TME4

Chargement de Data, Data_train et Data_test


In [1]:
import numpy as np

In [5]:
# renvoie : 
# un dictionnaire movies {id_film : NomFilm}
# un dictionnaire data {idUser : {Nomfilm : rating}}
# un dictionnaire times {idUser : {Nomfilm : time}}

def loadMovieLens(path='./data/ml-100k'):
    # Get movie titles
    movies={}
    for line in open(path+'/u.item'):
        (id,title)=line.split('|')[0:2]
        movies[id]=title
    # Load data
    prefs={} # Un dictionnaire User > Item > Rating
    times={} # Un dictionnaire User > Item > Timestamps
    for line in open(path+'/u.data'):
        (user,movieid,rating,ts)=line.split('\t')
        prefs.setdefault(user,{})
        prefs[user][movies[movieid]]=float(rating)
        times.setdefault(user,{})
        times[user][movies[movieid]]=float(ts)
    return movies, prefs, times

def loadMovieLens1M(path='./data/ml-1m'):
    # Get movie titles
    movies={}
    for line in open(path+'/movies.dat'):
        id,title=line.split('::')[0:2]
        movies[id]=title
    # Load data
    prefs={}
    times={}
    for line in open(path+'/ratings.dat'):
        (user,movieid,rating,ts)=line.split('::')
        prefs.setdefault(user,{})
        prefs[user][movies[movieid]]=float(rating)
        times.setdefault(user,{})
        times[user][movies[movieid]]=float(ts)
    return movies, prefs, times

Représentation des données + Split

Pour simplifier la manipulation des données, en se basant sur une liste de triplet [users, items, note], on construira 2 dictionnaires : </d>

  • dataByUsers : {users : {items : note}}
  • dataByItems : {items : {users : note}}

In [6]:
def getTriplet(data):
    triplet = []
    for u in data.keys():
        for i in data[u].keys():
            triplet.append([u,i,data[u][i]])
    return triplet

def getDataByUsers(triplet) :
    dataByUsers = {}
    for t in triplet:
        if not t[0] in dataByUsers.keys():
            dataByUsers[t[0]] = {}
        dataByUsers[t[0]][t[1]] = float(t[2])
    return dataByUsers

def getDataByItems(triplet) :
    dataByItems = {}
    for t in triplet:
        if not t[1] in dataByItems.keys():
            dataByItems[t[1]] = {}
        dataByItems[t[1]][t[0]] = float(t[2])
    return dataByItems

# Split l'ensemble des triplets  
def splitTrainTest(triplet, testProp) :
    perm = np.random.permutation(triplet)
    splitIndex = int(testProp * len(triplet))
    return perm[splitIndex:], perm[:splitIndex]

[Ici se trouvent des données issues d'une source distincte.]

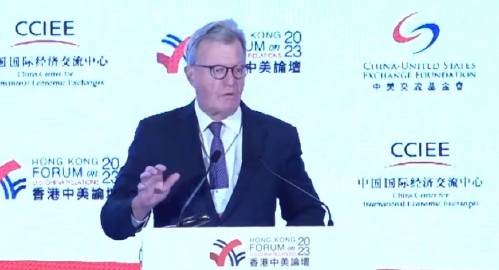 国际观察员们的满意之声，全球视角下的观察与认可，全球视角下的观察与认可，国际观察员满意之声
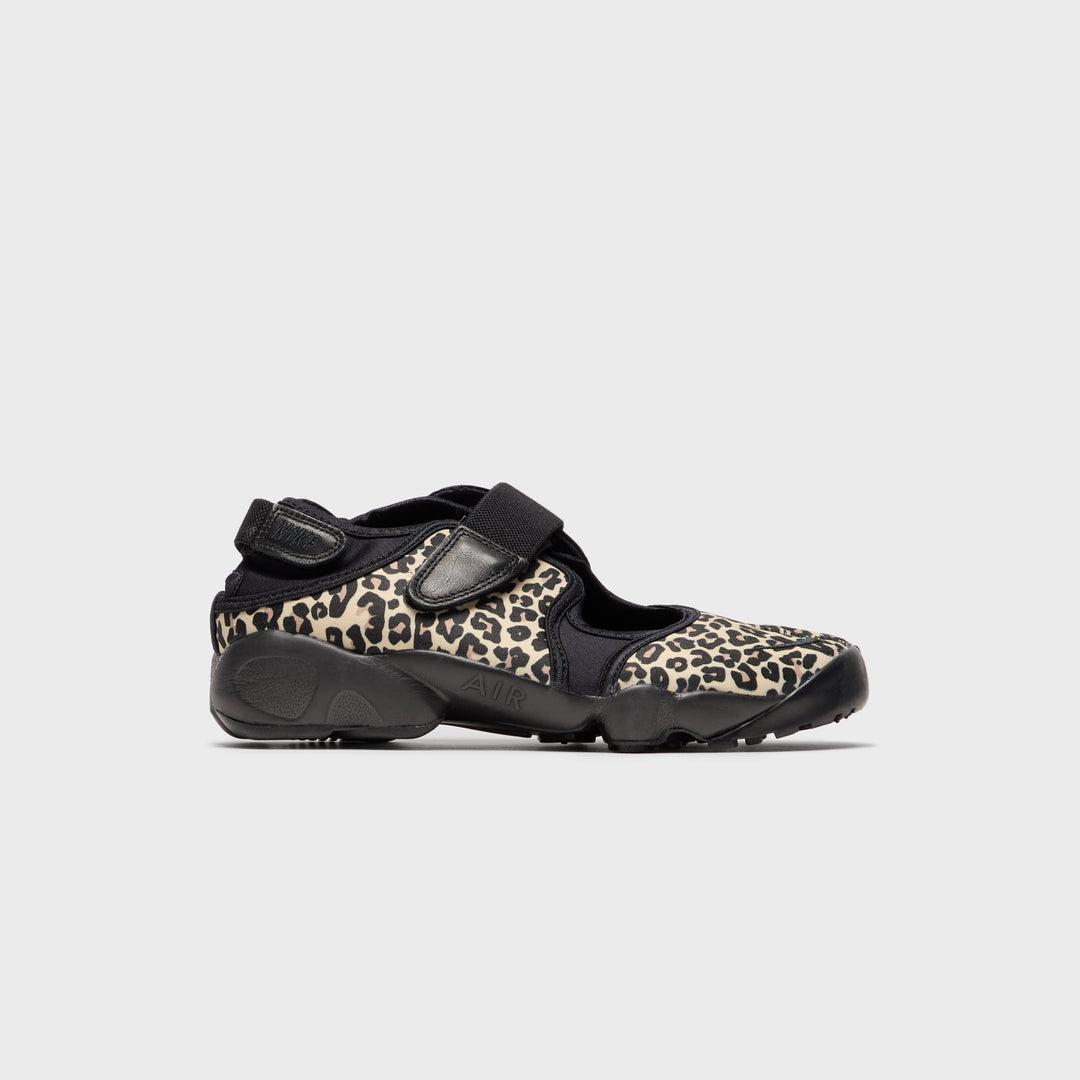Nike WMNS Air Rift - Black / Hemp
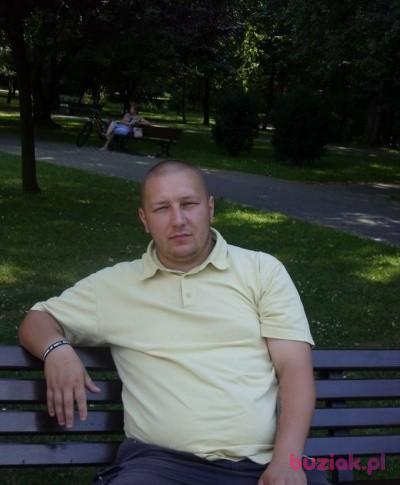 Łukasz, Male, 40, Katowice, Polska, Photo: 2
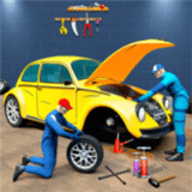 Mechanic（汽车修理工模拟器）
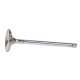 Motor alkatrészek Manley SBC Exhaust Valve Kit 1.600 x 5040 x .3110 | race-shop.hu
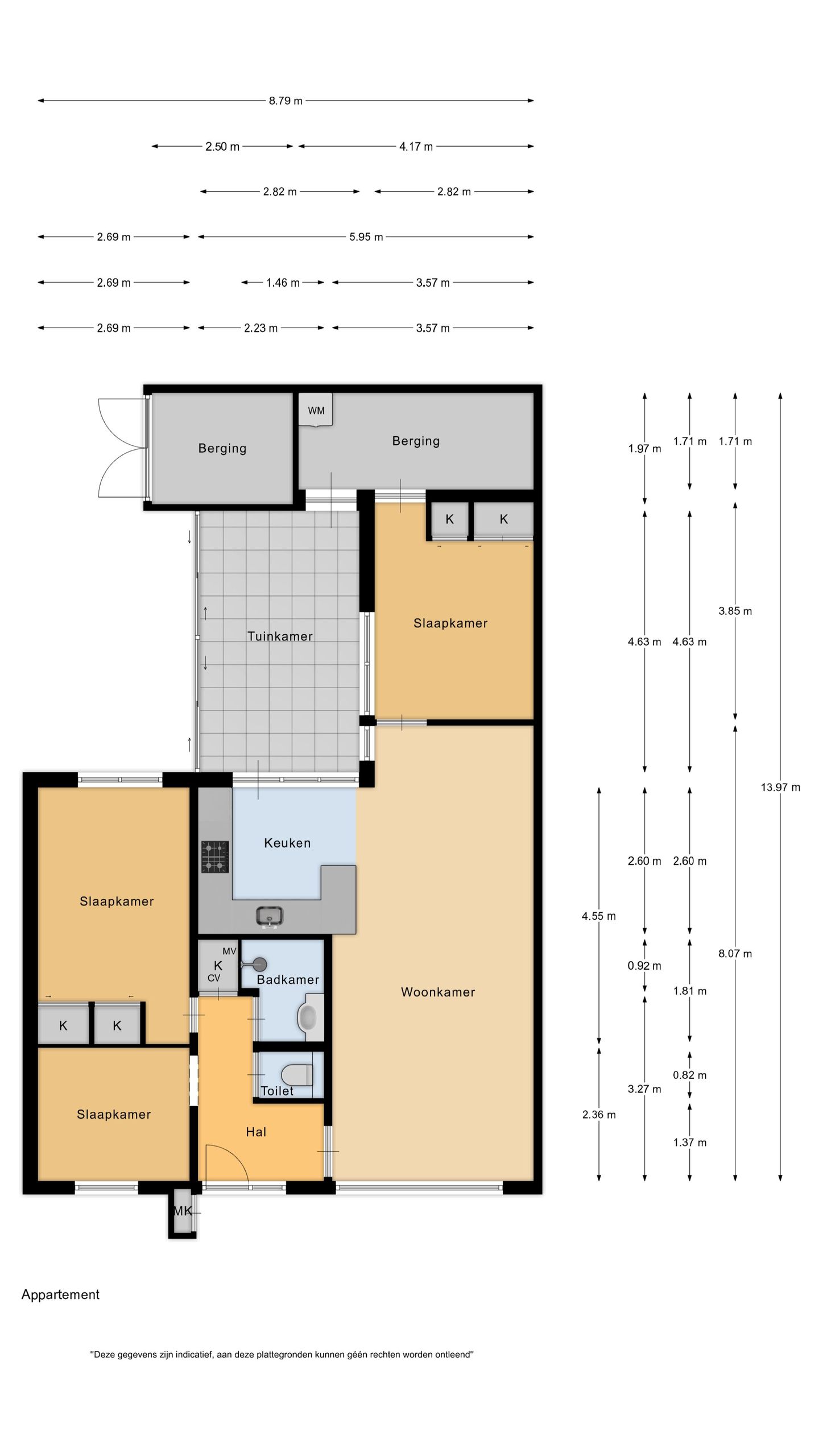 Foto 34 van Luxemburglaan 198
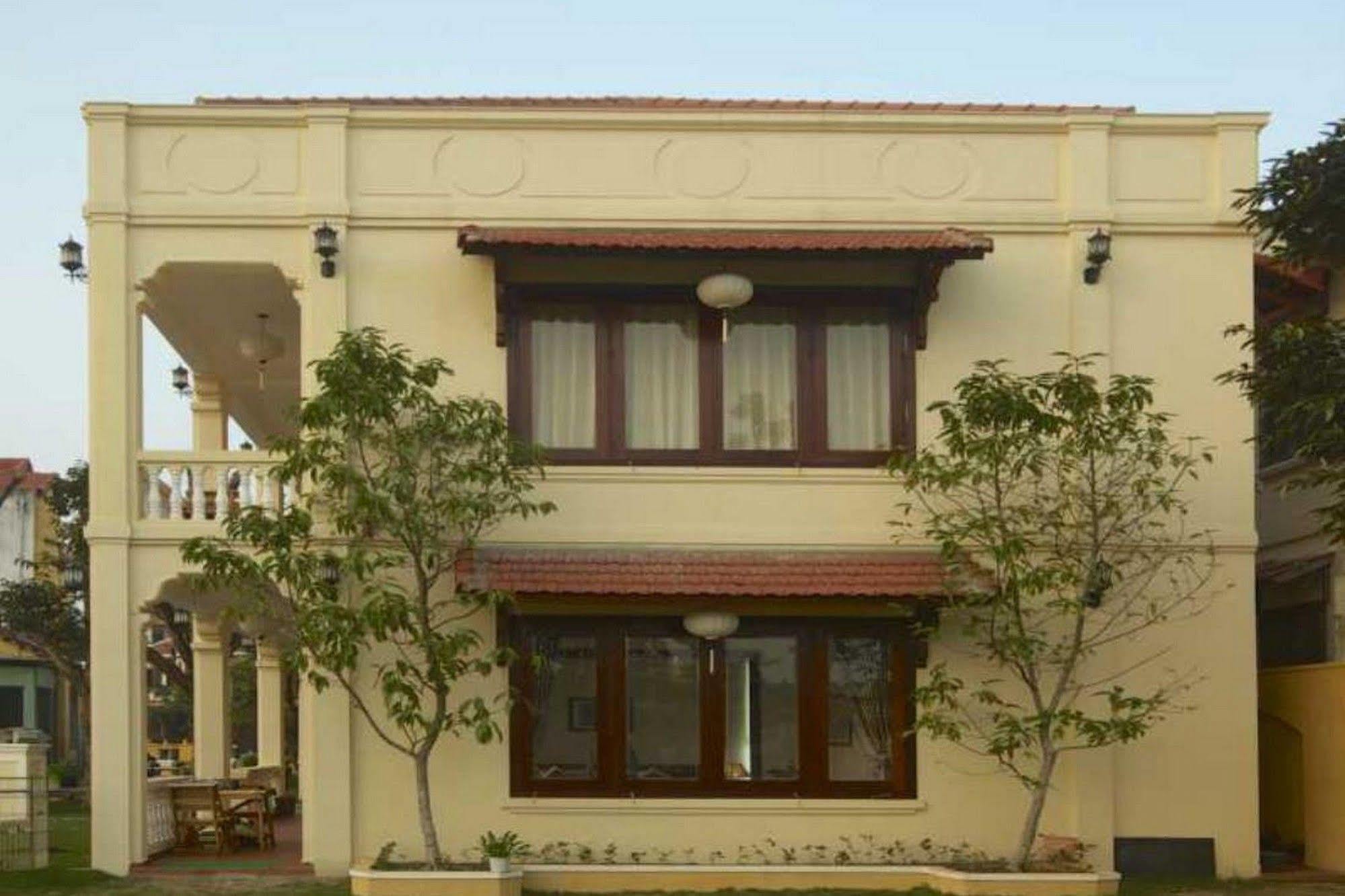 Tea Garden Villa Hoi An Dış mekan fotoğraf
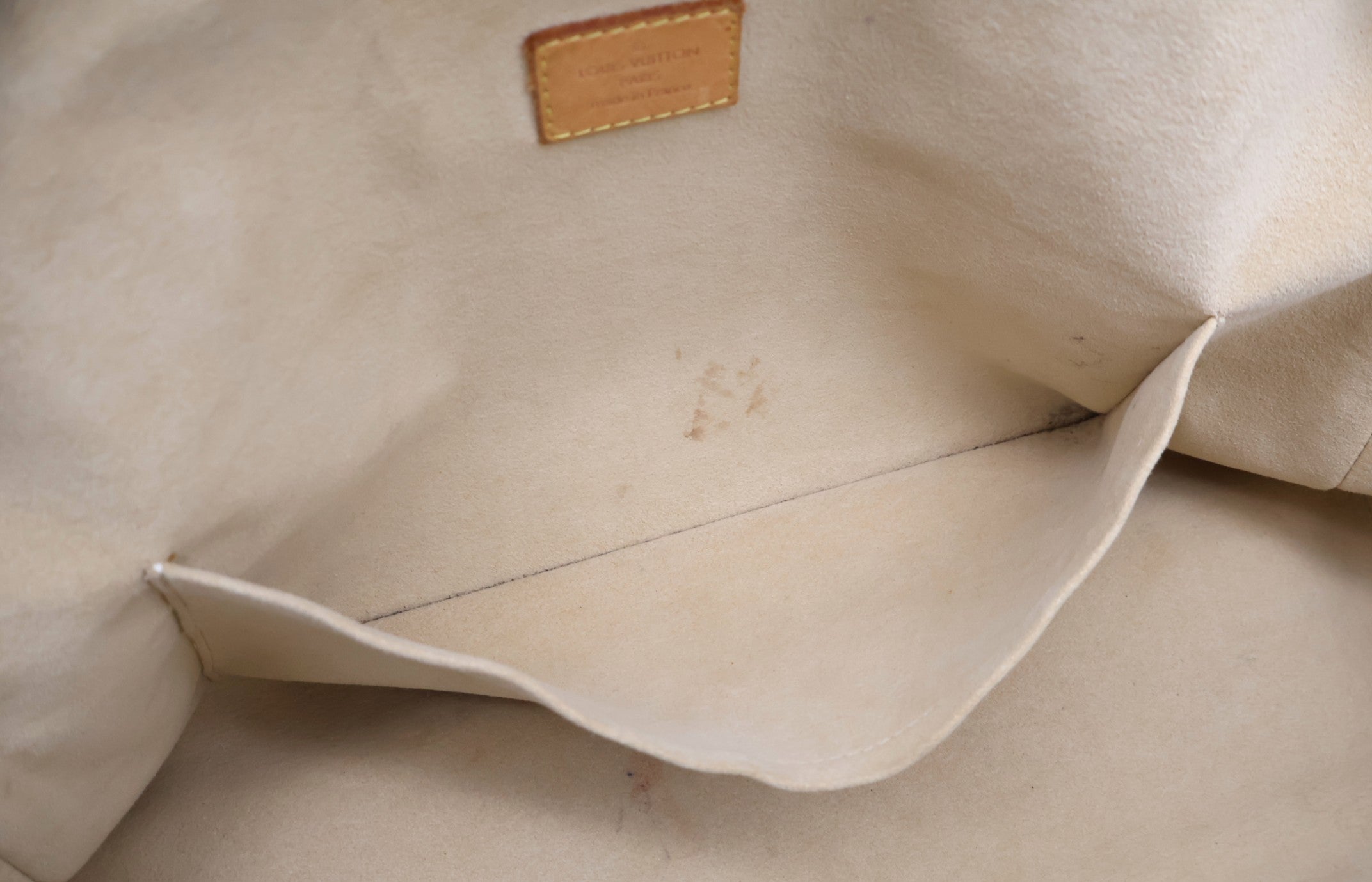 Louis Vuitton Manhattan PM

# supprime des données de test les données inconnus en train
def deleteUnknowData(triplet_test, trainUsers, trainItems) :
    to_Del = []
    for i,t in enumerate(triplet_test):
        if not t[0] in trainUsers:
            to_Del.append(i)
        elif not t[1] in trainItems:
            to_Del.append(i)
    return np.delete(triplet_test, to_Del, 0)

Chargement des données


In [18]:
# LoadMovieLense
movies,data,ts = loadMovieLens()

triplet = getTriplet(data)

# split 80% train 20% test
triplet_train, triplet_test = splitTrainTest(triplet , 0.2)

# train
trainUsers = getDataByUsers(triplet_train)
trainItems = getDataByItems(triplet_train)

#print len(triplet_test)
triplet_test = deleteUnknowData(triplet_test, trainUsers, trainItems)
#print len(triplet_test)

# test
testUsers = getDataByUsers(triplet_test)
testItems = getDataByItems(triplet_test)

Baseline Moyenne par utilisateur


In [8]:
class BLMeanUsers() :

    def __init__(self):  
        self.Y = {}
        
    def fit(self, trainUsers) :
        for u in trainUsers.keys():
            self.Y[u] = 0
            for i in trainUsers[u].keys():
                self.Y[u] = self.Y[u] + trainUsers[u][i]
            self.Y[u] = self.Y[u]*1.0 / len(trainUsers[u])
    
    def predict(self, triplet_test):
        pred = np.zeros(len(triplet_test))
        for ind,c in enumerate(triplet_test):
            pred[ind] = self.Y[c[0]]
        return pred
    
    def loss(self, triplet_test) :
        return ((self.predict(triplet_test) - np.array(triplet_test[:,2], float)) ** 2).mean()

In [9]:
model = BLMeanUsers()
model.fit(trainUsers)
print "erreur en test:", model.loss(triplet_test)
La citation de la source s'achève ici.